Фериан старался скрыть свой страх — он знает!
— Я… это совсем не то, в чем я хорошо ориентируюсь, Притьера!
Фериан занялся едой, стараясь собраться с мыслями. Как много может знать обычный человек-неэкстросенс? Как много может помнить полубраксана и полуациа после всех этих лет? В конце концов он выдавил из себя:
— Мне кажется, разница связана со способностью к… абстрактному мышлению. Люди не развивают своих психических талантов до того, как начнут функционировать все остальные чувства. Есть тенденция перераспределять психический потенциал по различным каналам. — Фериан подумал: «Может быть, этого хватит? Это общеизвестные факты». — Но у инструкторов иные законы.

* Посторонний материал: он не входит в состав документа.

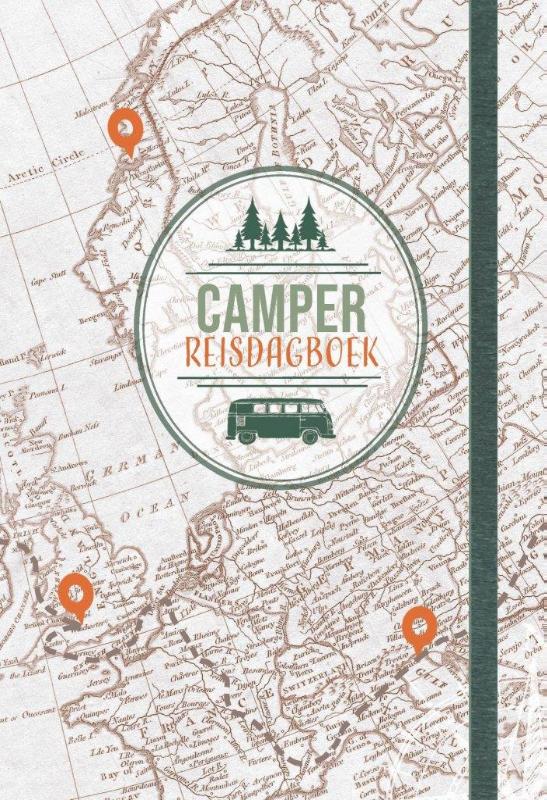 Reisdagboek - Campergids Campe…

— Способностью к абстрактному мышлению обладают все экстрасенсы?
— Нет. В той степени, в какой ею обладают инструктора, мало кто обладает. Но бывает. Если один человек хочет послать мысленно информацию другому, то этот, другой, услышит, возможно, голос или увидит картинку. Таким образом возможно получение информации и в привычных сенсорных образах.
— А инструктора?
— Я не знаю деталей, Притьера.
— Я уверен, что существует прямая угроза интимности человеческого сенсорного мира. И не исключено, что Институт провоцирует это…
— Требуется огромное мастерство, совершенное владение своей темой, чтобы прочесть мысли человека, который этого не желает, — Фериан с легкостью говорил об этом. — Что касается провокаций… — он попытался что-либо вспомнить, в частности, а был ли он нетелепатом в Империи? — Только инструктор могут войти в мир другого человека.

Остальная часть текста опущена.